"Caesar led massacre biggest ever in the Netherlands"

Gepubliceerd op 13 december 2015 om 14:43

In North Brabant, the current village Kessel and Lith, Julius Caesar has caused a massacre of two Germanic tribes. Thus he is responsible for the largest massacre ever on Dutch territory, thinks archaeologist Nico Roymans.

Roymans, working at the Free University of Amsterdam, presented Thursday at the Allard Pierson Museum the results of his research that one day earlier came out. In addition, he showed skulls, bones and teeth of more than a hundred people, who found their end on the banks of the Meuse or in the water. ,, Complete bodies are thrown into the river. "

In addition, he showed swords and belt hooks, which belonged to the Germans. Belt hooks, he explained, are typical of the clothing that women wore Germanic. Caesar's army was not only targeting the male warriors. The find anyway shows that the Roman general was pretty unconscionable: the bones belonged partly to children.

Exaggerated
Caesar, who lived from 100 to 44 BC, ashamed not entirely. In his famous treatise De Bello Gallico, as told Roymans, he reports that he has chopped 400,000 people in the pan. ,, That is hugely exaggerated.
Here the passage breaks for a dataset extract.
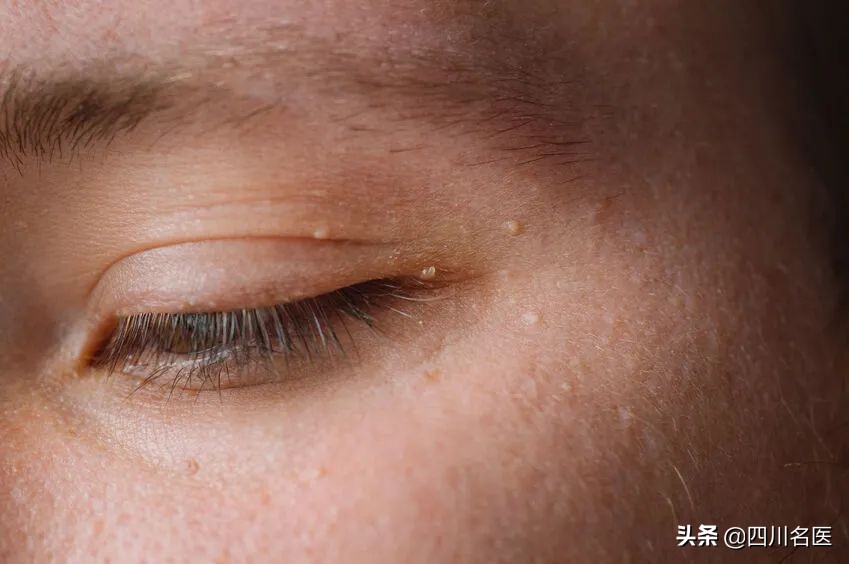 眼睛下面的粟丘疹能去掉吗,眼睛周围长的小米粒是啥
We can only guess how many people it is. "

The question whether this is the biggest massacre ever goes in the Netherlands, Roymans answered in the affirmative: ,, I can remember so no battle where so many victims. "

The battle took place in 55 BC. According to tradition were two Germanic peoples, Tencteri and Usipetes, driven by a third tribe from their homeland on the eastern banks of the Rhine. They asked Caesar for asylum, but he refused. Instead, he gave his troops permission to slaughter the tribes.